Making friends was so much easier in the school years. Most of them were in your class. Some kids lived nearby. Others had parents who were friends with your family.
Regardless of where you found them, getting acquainted and hanging out on a regular basis was far less complicated. You were yet to develop a fear of rejection, and who exactly you spent your time with didn’t matter as much as it does today. Things are different now. Most grown-ups contend with a friend circle that only keeps shrinking.

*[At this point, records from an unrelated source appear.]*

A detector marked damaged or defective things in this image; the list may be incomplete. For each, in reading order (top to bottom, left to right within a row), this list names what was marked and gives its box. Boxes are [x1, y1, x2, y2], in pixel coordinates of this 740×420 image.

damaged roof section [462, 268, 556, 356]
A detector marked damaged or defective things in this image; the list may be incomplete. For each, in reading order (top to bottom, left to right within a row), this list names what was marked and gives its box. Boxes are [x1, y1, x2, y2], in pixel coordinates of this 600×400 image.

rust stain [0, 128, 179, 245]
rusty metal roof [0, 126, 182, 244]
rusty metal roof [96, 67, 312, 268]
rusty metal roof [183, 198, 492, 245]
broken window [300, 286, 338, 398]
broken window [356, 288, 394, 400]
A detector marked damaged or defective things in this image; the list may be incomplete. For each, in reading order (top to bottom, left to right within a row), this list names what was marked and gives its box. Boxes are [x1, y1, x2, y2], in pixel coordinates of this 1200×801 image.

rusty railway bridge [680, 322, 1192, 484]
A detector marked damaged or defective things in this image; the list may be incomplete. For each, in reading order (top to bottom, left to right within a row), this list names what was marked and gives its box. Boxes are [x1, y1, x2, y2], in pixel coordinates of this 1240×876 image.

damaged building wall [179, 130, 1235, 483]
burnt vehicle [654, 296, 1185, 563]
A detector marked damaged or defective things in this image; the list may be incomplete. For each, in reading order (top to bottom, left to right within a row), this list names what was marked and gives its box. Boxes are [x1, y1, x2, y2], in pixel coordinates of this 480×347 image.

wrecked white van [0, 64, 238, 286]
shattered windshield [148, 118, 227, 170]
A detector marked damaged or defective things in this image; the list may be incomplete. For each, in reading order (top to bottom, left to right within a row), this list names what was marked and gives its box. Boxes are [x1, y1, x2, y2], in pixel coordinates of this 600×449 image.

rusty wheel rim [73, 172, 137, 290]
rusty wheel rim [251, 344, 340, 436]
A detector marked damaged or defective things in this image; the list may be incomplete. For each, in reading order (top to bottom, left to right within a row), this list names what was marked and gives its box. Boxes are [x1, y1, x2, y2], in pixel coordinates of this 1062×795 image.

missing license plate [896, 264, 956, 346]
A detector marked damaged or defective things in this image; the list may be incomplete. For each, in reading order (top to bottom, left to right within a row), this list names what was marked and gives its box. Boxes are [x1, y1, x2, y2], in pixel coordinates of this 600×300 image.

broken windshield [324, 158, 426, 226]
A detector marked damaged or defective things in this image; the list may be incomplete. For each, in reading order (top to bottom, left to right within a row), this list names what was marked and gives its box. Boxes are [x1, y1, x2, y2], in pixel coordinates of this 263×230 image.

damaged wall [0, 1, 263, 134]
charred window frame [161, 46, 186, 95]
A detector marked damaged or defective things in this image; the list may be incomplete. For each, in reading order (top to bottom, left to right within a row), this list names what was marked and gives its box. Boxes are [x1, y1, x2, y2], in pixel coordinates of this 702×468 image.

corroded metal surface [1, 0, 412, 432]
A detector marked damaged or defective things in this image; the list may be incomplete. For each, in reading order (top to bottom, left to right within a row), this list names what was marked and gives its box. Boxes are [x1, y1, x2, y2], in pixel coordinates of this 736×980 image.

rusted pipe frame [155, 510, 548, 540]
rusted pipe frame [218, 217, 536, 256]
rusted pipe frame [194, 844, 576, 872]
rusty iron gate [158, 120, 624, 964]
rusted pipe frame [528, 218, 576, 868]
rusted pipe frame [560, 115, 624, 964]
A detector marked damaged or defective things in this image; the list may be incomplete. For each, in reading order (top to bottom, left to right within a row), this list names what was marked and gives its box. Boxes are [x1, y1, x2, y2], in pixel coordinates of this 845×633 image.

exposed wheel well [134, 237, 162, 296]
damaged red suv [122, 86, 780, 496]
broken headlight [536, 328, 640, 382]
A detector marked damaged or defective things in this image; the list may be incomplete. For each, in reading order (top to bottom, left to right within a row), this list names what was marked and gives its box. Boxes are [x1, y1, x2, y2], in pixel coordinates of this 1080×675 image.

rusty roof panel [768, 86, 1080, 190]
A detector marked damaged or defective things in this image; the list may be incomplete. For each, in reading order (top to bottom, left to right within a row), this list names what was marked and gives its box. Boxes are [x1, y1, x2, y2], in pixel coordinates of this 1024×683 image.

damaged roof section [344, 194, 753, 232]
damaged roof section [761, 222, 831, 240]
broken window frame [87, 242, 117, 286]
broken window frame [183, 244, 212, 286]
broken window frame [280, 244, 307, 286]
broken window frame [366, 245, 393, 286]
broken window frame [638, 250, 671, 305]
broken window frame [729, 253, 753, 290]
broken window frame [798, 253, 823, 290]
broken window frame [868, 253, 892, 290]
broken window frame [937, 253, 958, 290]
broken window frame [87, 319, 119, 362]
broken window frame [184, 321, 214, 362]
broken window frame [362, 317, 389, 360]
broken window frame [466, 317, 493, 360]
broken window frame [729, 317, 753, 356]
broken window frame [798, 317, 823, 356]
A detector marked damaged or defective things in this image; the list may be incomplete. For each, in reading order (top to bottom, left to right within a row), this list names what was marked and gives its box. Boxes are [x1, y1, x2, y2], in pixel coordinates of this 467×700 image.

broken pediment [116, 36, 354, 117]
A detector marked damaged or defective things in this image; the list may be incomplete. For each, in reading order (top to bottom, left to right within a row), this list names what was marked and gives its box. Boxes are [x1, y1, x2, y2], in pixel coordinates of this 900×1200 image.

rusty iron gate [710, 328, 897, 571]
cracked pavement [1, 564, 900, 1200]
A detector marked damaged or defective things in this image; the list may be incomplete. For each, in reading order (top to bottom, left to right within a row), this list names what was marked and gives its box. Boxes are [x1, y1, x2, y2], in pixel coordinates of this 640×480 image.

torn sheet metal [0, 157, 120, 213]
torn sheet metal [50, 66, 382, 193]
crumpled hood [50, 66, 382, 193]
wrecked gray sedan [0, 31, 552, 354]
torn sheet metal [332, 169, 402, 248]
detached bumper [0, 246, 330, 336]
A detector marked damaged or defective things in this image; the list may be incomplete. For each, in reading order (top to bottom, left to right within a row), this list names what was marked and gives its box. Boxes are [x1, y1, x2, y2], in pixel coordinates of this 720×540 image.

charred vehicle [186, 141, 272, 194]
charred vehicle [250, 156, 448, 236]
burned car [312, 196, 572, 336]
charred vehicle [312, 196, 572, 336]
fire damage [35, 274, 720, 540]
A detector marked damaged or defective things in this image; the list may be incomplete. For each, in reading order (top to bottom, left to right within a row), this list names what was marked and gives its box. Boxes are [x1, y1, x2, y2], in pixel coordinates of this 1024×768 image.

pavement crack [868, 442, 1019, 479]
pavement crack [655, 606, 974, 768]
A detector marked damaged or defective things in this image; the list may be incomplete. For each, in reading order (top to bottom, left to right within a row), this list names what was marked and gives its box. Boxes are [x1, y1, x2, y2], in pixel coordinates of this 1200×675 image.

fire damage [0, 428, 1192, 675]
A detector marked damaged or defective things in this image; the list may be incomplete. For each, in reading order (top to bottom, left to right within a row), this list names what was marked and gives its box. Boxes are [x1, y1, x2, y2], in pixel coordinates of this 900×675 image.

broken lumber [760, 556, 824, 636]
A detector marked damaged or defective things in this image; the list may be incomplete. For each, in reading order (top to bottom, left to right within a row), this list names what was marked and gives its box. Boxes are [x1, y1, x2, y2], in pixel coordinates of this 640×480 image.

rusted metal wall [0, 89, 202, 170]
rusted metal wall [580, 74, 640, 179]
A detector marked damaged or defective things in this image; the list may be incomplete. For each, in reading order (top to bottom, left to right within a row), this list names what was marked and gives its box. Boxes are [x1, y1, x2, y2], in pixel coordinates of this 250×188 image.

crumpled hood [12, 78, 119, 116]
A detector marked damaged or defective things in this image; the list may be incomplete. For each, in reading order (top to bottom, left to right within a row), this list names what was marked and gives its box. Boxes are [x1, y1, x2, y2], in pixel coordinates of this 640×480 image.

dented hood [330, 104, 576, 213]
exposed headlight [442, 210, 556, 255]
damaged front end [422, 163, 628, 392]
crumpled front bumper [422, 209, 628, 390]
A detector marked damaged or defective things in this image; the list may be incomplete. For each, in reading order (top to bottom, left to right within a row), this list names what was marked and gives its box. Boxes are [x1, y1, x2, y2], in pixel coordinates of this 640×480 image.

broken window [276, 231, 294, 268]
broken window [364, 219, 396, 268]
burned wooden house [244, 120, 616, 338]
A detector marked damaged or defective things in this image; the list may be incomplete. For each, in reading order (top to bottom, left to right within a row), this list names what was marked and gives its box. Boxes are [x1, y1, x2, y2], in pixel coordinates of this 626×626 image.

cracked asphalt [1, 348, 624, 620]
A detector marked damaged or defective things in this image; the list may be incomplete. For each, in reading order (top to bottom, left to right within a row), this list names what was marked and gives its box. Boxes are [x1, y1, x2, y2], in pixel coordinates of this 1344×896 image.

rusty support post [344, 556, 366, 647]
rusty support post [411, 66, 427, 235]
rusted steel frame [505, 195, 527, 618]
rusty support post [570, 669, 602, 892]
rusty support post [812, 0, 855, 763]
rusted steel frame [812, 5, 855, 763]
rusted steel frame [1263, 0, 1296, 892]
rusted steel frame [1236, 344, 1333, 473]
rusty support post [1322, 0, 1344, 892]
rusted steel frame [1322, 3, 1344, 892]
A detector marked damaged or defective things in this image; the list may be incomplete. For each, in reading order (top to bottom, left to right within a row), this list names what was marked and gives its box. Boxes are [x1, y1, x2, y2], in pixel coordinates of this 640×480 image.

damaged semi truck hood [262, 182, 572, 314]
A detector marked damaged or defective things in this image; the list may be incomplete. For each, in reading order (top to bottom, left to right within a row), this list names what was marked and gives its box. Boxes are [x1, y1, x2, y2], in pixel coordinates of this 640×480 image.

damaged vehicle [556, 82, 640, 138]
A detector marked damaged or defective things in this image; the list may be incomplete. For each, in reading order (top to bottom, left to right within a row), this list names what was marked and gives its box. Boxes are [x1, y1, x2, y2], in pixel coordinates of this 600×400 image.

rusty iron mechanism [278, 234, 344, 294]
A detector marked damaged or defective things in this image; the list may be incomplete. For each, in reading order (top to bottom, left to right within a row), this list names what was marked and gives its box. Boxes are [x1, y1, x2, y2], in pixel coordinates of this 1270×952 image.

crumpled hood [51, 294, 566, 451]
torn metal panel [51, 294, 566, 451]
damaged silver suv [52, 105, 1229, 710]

Career changes, marriage, relocating and having children are just some of the life events that cause adult friendships to dwindle. Maintaining strong relationships with likeminded people is important. Here’s how you can find some.
Set Your Mind to It
Make sure that you’re going into this with a positive mindset. Thinking that you’re never going to meet anyone can become a self-fulfilling prophecy. Perception paints your reality, so avoid dwelling on limiting beliefs like not being fun or interesting enough. Stay open and inviting. You should also remember that your options aren’t limited to one gender.
Create a List
Whether it’s a neighbor, coworker or someone you see on a regular basis, chances are that there’s one or two people who you’d like to know better. Write down the names of everyone you might enjoy hanging out with. From there, consider sending out an invite for coffee. It’s up to you to take the initiative and get the ball rolling.
Use Your Calendar
Life is busy these days. And despite your best efforts, you probably won’t end up doing anything until you schedule it. Decide when you want to ask that guy to join you for lunch or that lady to visit for tea, then arrange a date. Set aside a sufficient amount of time and continue scheduling your initial contacts so that you don’t just keep putting them off.
Know Where to Look
This is one of the biggest challenges, especially if you find yourself in a new location. Start your search on the internet. Social media can help you get in touch with old friends and see whether anyone has moved nearby. You can also make use of an app for meeting new friends who share your interests. Other options include:
- Connecting with people in the workplace
- Joining the local gym or sports league
- Attending meet-ups and local events
- Getting into a book club
- Participating in religious gatherings
- Volunteering at your child’s school
Sure, you might be tired, overworked and overscheduled. But if you receive an invitation for a get-together, try your best to accept it. Social anxiety can add a layer of difficulty here. It’s important to keep the other person’s intentions on top of mind. They probably like you and want to learn more. Giving invites a thumbs up is a great way to open new doors.
Broaden Your Horizons
This is an ideal opportunity to try something new and explore unfamiliar territory. Who knows, you may just discover an interesting hobby or sport that you didn’t expect to enjoy. The broader your outlook, the higher your chances of heading on new and exciting adventures will be. Plus, it increases the likelihood of meeting different kinds of people.
With the myriad of ways that people spend their time today, your options are endless. Join a dance class, take art lessons, try parkour, start cycling… the list goes on. You may not be the only friend-seeker who decided to step out of their comfort zone.
The next steps are clear. It’s simply up to you to put in the effort and get out there. Go for it!